**EXERCISE BRIEF**
Images stay out. Everything else in the records is repeated exactly.

════

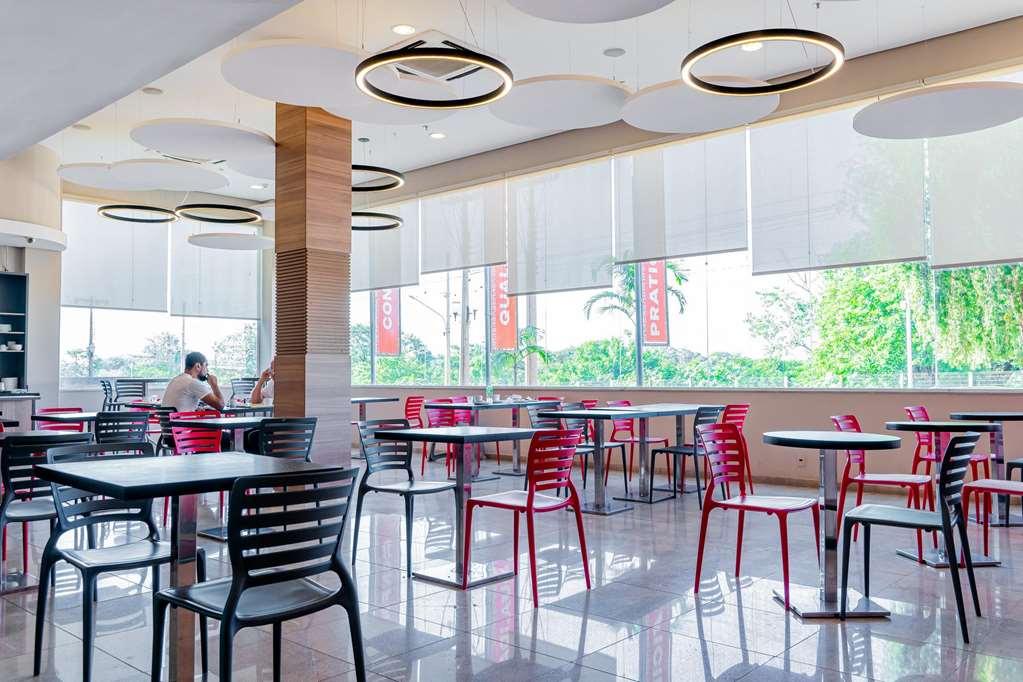 Hus Hotel Дорадус Ресторан фото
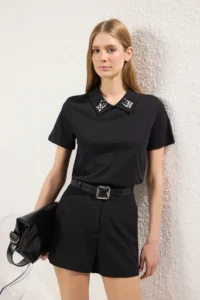 TRENDYOLMİLLA Black Thick Cotton Polo Shirt Collar Stone Detailed Regular/Normal Pattern Knitting T-Shirt - Image 2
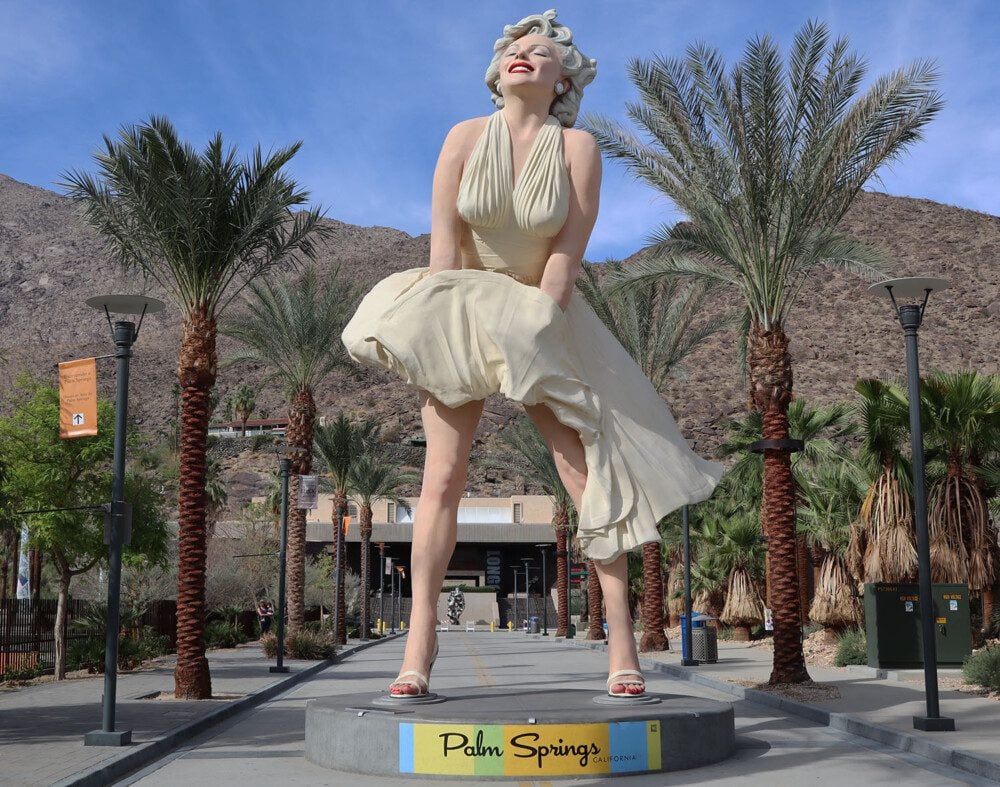 Things to Ponder: Marilyn Monroe in Palm Springs (again)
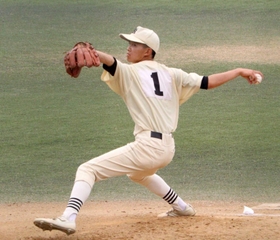 宝塚東－加古川東　６回１失点と好投した加古川東の渡辺＝三田市神姫バスキッピー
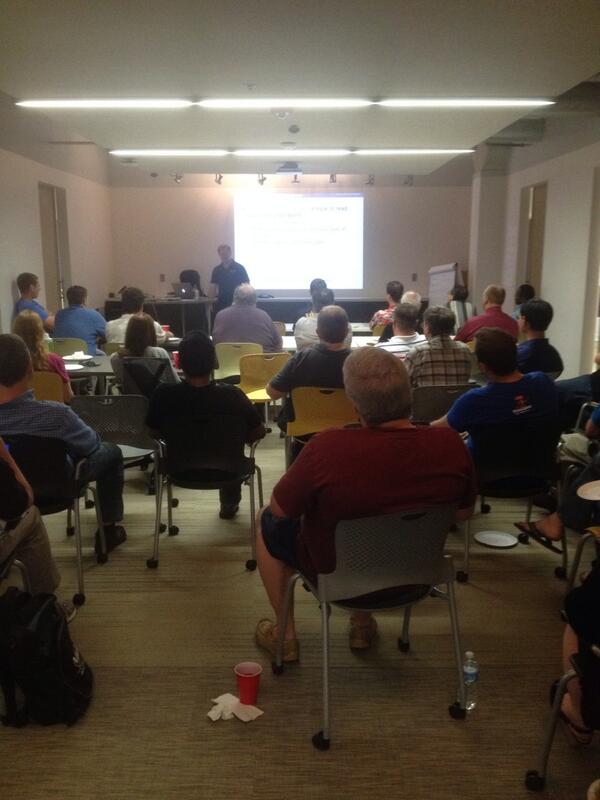 TechRecruiterIT's tweet image. . @kensipe talking about the complexity of complexity @businessolver &apos;s awesome office. @cijug #CIJUG #DesMoinesTech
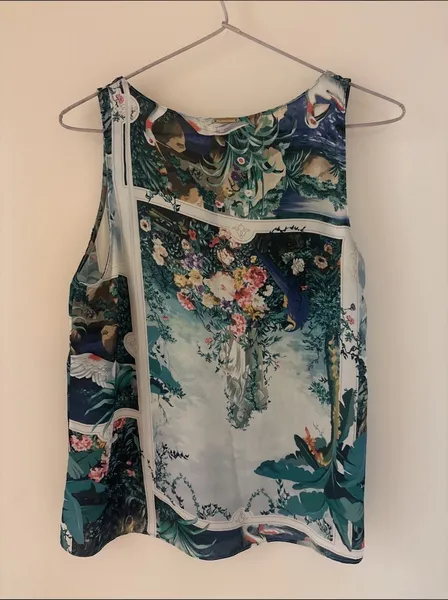 Regata estampada, P, lança perfume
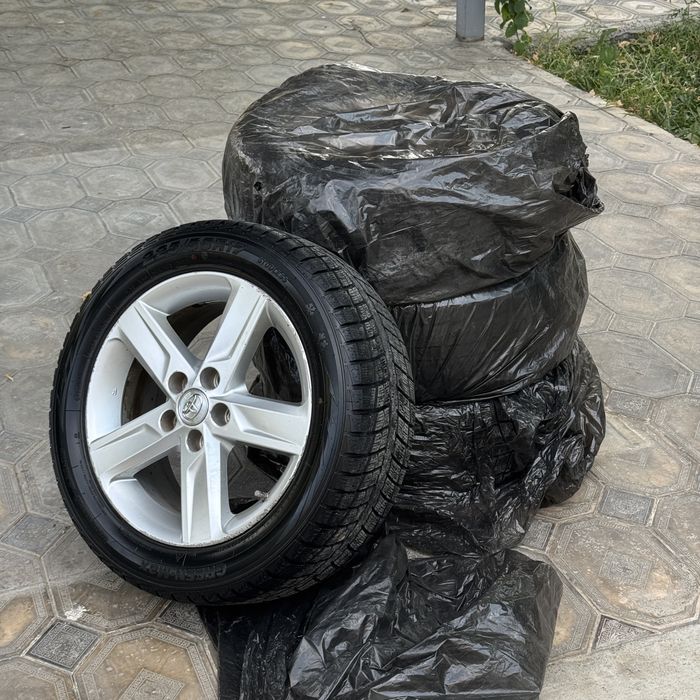 Диски Камри R17 оригинал без сварки
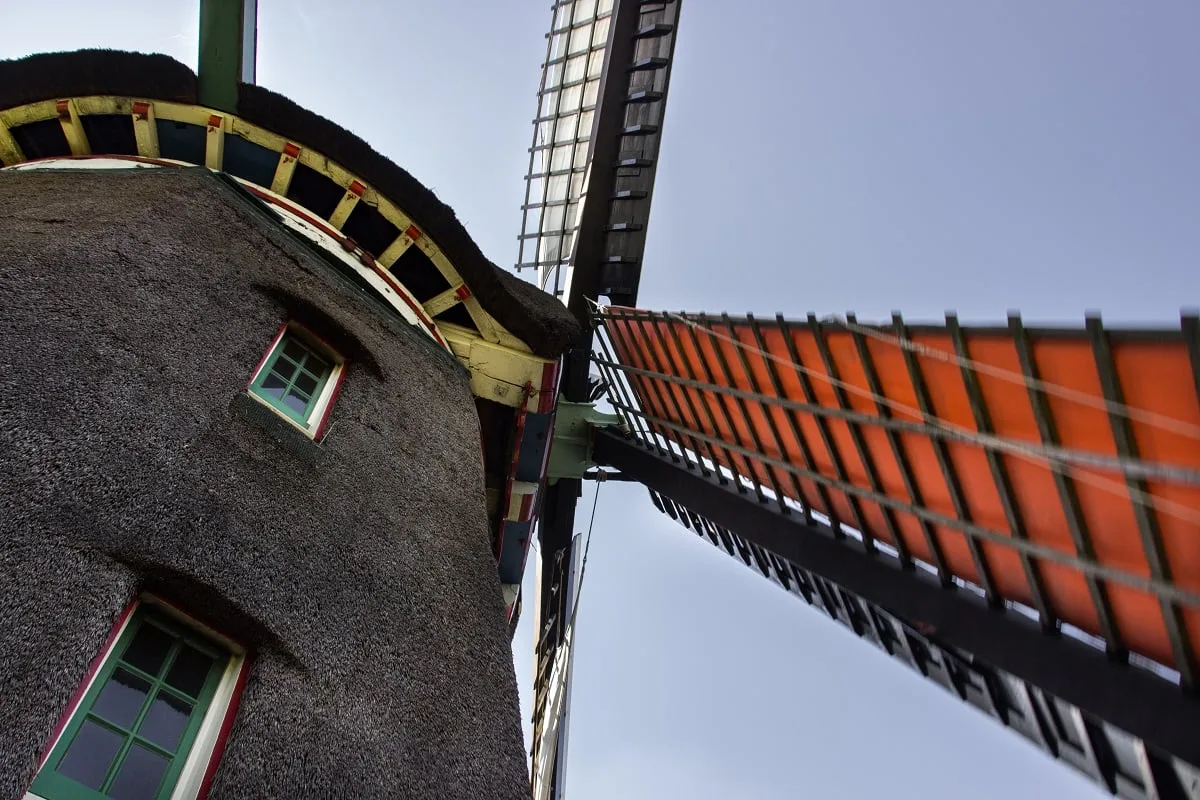 Vue en contre-plongée des ailes d'un moulin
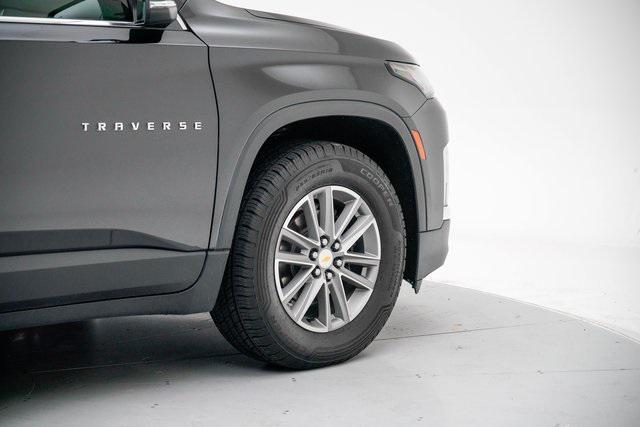 used 2022 Chevrolet Traverse car, priced at $25,616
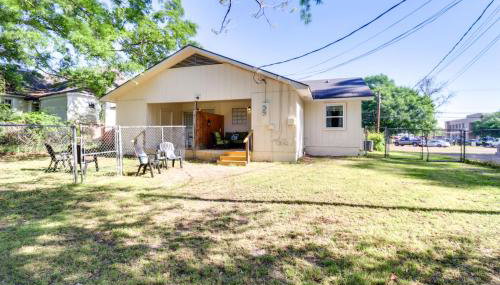 Walk to Dining and Shops Dtwn Brookhaven Home! - Foto 3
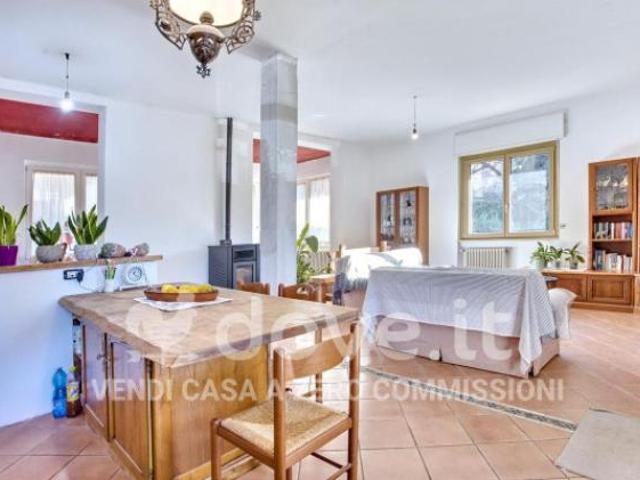 Villa Indipendente in vendita a Carnago, Lombardia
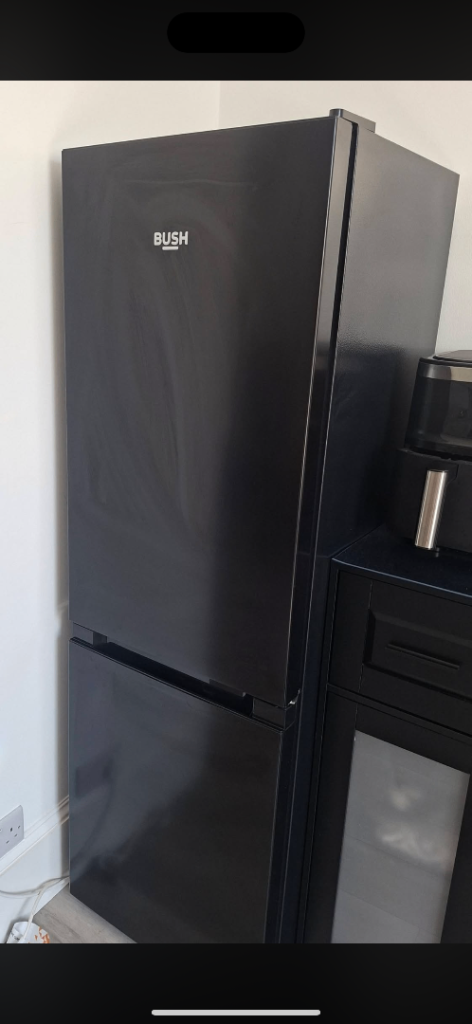 Black bush fridge freezer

════

**ANSWER SECTION**
 Hus Hotel Дорадус Ресторан фото
 TRENDYOLMİLLA Black Thick Cotton Polo Shirt Collar Stone Detailed Regular/Normal Pattern Knitting T-Shirt - Image 2
 Things to Ponder: Marilyn Monroe in Palm Springs (again)
 宝塚東－加古川東　６回１失点と好投した加古川東の渡辺＝三田市神姫バスキッピー
 TechRecruiterIT's tweet image. . @kensipe talking about the complexity of complexity @businessolver &apos;s awesome office. @cijug #CIJUG #DesMoinesTech
 Regata estampada, P, lança perfume
 Диски Камри R17 оригинал без сварки
 Vue en contre-plongée des ailes d'un moulin
 used 2022 Chevrolet Traverse car, priced at $25,616
 Walk to Dining and Shops Dtwn Brookhaven Home! - Foto 3
 Villa Indipendente in vendita a Carnago, Lombardia
 Black bush fridge freezer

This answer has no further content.